MSMQ 2.0. Message Queuing
On the Windows 2000 platform, this component is known as Message Queuing, and is sometimes referred to as MSMQ 2.0. Message Queuing is compatible with MSMQ 1.0 for Windows NT, and some of the changes with the new version include the following:
- MSMQ sites are now integrated into Windows 2000 sites.
- MQIS is now integrated into Active Directory.
- PECs, PSCs, and BSCs are now called Message Queuing servers and run on Windows 2000 domain controllers.
- MSMQ Routing Servers are now called Message Queuing servers with routing.
- MSMQ site links are now called routing links.
- MSMQ Explorer is integrated into the Microsoft Management Console (MMC) as an administrative snap-in.
All computers in an organization that run Microsoft Message Queue (MSMQ) Server and access information from the same distributed database (the MSMQ Information Store).

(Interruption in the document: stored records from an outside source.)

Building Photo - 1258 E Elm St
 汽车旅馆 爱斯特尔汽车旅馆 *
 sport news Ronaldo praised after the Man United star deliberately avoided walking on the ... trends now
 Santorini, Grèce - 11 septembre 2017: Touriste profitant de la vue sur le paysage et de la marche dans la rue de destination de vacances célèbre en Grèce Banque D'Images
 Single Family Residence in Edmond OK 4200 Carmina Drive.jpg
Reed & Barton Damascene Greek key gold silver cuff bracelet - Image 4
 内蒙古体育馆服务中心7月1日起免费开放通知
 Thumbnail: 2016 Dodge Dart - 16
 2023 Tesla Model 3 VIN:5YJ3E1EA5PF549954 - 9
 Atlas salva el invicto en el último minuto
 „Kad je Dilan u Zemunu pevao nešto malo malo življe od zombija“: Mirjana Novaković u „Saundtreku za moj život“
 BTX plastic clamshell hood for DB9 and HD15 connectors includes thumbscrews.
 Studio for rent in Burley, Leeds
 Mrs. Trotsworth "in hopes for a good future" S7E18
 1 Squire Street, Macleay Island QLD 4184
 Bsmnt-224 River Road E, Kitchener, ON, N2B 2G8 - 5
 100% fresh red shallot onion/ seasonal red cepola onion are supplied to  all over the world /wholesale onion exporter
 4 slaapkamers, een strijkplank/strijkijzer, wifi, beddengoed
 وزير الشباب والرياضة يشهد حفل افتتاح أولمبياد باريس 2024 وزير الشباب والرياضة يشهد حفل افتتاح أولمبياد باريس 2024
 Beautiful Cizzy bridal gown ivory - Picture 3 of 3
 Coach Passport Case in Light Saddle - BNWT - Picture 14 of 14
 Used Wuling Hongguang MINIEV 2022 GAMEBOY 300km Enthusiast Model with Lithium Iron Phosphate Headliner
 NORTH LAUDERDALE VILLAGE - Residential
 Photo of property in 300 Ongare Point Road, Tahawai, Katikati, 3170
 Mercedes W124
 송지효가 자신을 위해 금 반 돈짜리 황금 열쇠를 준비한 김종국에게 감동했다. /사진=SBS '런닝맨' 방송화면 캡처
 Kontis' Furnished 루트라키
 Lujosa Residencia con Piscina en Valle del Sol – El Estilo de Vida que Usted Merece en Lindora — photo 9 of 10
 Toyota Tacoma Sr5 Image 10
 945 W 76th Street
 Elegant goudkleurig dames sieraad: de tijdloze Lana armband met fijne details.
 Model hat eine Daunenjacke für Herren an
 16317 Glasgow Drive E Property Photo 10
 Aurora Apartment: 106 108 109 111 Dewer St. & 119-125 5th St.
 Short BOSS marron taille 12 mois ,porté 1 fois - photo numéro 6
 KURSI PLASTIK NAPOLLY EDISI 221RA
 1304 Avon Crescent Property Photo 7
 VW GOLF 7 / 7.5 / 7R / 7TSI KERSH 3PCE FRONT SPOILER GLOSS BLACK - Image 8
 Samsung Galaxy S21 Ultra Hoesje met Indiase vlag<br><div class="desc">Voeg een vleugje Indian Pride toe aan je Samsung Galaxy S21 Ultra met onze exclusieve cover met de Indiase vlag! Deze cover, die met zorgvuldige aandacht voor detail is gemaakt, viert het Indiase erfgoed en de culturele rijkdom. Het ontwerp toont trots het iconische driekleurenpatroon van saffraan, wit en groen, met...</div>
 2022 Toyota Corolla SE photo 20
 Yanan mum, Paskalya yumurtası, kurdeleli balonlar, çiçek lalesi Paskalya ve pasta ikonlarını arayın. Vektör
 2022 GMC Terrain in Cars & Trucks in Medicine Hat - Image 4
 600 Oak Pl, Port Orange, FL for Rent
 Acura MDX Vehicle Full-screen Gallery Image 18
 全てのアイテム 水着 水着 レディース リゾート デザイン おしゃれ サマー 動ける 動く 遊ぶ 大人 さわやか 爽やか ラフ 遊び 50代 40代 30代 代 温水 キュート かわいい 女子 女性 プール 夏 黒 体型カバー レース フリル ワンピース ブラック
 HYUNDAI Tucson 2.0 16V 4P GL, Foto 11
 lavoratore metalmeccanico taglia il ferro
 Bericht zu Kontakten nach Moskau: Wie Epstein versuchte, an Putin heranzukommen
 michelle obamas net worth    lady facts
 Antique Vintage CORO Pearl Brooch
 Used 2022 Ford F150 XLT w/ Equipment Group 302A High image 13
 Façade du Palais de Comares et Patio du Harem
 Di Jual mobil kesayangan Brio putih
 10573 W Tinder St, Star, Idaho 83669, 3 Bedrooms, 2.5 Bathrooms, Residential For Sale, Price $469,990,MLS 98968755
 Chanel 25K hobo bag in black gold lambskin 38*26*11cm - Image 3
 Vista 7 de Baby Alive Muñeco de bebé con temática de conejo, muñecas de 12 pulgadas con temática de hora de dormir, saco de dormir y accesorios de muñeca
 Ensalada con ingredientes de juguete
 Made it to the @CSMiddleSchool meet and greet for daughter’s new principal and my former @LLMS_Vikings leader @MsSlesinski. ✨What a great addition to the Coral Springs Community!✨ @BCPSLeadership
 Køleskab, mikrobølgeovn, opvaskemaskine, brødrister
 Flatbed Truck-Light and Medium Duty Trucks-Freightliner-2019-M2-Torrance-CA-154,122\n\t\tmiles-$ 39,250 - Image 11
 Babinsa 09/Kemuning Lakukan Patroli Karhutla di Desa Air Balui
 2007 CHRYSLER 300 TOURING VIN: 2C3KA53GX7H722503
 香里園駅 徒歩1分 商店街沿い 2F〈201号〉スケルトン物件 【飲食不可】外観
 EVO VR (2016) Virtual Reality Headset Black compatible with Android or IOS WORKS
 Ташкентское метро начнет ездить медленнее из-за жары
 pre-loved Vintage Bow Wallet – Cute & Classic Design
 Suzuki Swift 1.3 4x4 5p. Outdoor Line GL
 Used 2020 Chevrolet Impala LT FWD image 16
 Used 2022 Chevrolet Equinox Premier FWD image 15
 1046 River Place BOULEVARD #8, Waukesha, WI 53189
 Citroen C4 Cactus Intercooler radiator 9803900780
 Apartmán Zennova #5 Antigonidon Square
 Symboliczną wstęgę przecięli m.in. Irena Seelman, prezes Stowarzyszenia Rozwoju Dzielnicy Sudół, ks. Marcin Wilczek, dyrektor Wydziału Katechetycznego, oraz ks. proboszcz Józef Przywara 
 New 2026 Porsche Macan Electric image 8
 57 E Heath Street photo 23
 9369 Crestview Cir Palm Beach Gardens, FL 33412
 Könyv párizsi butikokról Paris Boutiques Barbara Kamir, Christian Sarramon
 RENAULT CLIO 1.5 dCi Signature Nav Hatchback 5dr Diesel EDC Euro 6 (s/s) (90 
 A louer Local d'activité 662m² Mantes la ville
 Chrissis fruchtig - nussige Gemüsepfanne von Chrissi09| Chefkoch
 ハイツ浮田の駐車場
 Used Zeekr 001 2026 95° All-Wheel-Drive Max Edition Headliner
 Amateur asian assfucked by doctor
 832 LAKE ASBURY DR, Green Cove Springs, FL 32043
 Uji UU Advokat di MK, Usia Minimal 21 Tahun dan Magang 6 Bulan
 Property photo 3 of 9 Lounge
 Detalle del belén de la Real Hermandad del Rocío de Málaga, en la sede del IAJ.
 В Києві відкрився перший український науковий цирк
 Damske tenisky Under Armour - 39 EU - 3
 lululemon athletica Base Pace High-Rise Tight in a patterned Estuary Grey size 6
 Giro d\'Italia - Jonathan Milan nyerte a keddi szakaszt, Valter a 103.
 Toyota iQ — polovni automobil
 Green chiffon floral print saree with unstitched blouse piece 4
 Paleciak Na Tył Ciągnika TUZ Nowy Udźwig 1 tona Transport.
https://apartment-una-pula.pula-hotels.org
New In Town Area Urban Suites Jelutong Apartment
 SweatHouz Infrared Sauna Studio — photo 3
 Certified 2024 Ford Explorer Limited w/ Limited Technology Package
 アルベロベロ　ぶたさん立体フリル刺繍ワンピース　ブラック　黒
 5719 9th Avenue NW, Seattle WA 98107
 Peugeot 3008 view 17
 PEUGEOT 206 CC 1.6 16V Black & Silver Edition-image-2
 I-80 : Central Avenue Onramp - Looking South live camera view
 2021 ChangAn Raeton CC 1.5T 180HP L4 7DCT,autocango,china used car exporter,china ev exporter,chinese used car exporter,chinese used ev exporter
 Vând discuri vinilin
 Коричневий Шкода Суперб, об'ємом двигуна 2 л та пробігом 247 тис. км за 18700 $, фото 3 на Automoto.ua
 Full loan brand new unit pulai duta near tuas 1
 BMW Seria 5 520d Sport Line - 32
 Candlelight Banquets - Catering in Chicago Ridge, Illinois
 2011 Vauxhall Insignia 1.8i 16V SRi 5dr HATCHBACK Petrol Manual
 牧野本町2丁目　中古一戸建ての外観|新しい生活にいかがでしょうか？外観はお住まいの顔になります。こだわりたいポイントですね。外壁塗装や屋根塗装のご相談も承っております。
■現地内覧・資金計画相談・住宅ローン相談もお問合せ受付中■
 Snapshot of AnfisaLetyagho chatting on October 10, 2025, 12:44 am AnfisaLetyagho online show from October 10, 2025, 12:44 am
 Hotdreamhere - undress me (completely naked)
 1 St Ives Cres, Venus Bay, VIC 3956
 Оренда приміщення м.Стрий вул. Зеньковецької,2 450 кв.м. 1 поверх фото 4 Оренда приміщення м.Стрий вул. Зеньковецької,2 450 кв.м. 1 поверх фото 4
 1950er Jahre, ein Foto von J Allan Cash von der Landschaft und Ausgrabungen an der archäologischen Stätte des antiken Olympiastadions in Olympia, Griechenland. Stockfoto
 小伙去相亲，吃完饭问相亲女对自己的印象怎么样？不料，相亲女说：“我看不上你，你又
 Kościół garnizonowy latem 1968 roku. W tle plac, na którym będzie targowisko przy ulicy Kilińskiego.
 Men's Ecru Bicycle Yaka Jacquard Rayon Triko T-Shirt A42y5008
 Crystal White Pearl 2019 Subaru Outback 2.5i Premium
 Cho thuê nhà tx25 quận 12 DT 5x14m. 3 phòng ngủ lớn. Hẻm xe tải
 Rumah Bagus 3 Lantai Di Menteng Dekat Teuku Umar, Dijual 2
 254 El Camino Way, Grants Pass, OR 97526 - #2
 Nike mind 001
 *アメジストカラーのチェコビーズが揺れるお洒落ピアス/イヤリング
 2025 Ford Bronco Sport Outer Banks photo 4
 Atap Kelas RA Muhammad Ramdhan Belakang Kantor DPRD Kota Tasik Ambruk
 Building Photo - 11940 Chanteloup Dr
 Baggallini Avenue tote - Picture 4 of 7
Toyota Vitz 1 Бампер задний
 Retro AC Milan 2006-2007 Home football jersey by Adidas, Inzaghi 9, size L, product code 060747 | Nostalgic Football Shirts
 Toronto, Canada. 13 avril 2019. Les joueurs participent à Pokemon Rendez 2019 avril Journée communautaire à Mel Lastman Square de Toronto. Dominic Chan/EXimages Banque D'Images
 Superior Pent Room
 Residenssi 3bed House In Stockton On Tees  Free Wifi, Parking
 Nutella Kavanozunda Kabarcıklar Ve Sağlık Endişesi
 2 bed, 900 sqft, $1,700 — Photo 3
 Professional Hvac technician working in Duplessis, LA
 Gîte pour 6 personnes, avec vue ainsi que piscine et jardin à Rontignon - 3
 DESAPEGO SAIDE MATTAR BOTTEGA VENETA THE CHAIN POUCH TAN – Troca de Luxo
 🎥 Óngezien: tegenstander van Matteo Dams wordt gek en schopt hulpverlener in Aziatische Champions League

For security reasons, organizations should not install more than one Enterprise, although messaging between multiple MSMQ Enterprises is possible.
MSMQ Site is a collection of computers between which communication is fast and inexpensive. MSMQ site boundaries usually follow the physical location of the computers, such as all computers within a given building. Computers in an MSMQ site need not run the same network protocol and might not be able to communicate with each other directly.
MSMQ sites are connected to other sites through site links. MSMQ messages are routed through these site links based on cost values assigned to them by administrators.
MSMQ Routing Server
What is MSMQ Routing Server? A server running Microsoft Message Queue (MSMQ) Server that supports dynamic routing and intermediate store-and-forward message queuing. MSMQ Routing Servers enable computers using different network protocols to communicate.
MSMQ Routing Servers do not contain copies of the primary site controller (PSC) or primary enterprise controller (PEC) database. Before you can install any MSMQ Routing Servers in your network, you must first install a PEC.
Additional MSMQ Routing Servers
Since every PEC, PSC, and backup site controller (BSC) functions as an MSMQ Routing Server, the number of additional MSMQ Routing Servers you need depends on your MSMQ connectivity needs, namely
- The number of dependent and independent clients
- The number of MSMQ sites
- The number of connected networks (CNs)
- The overall MSMQ message volume
Be sure to install enough MSMQ Routing Servers so that messages can reach their target queues through different servers.
MSMQ Information Store (MQIS)?
MQIS is a distributed database for Microsoft Message Queue (MSMQ) Server that contains information about enterprise topology, enterprise settings, computer information, and queue information. MSMQ applications can query the MSMQ Information Store (MQIS) to locate queues and obtain queue properties. Copies of the MQIS are distributed among MSMQ computers in an enterprise.
In Microsoft Windows 2000 and above, this functionality has been moved to Active Directory.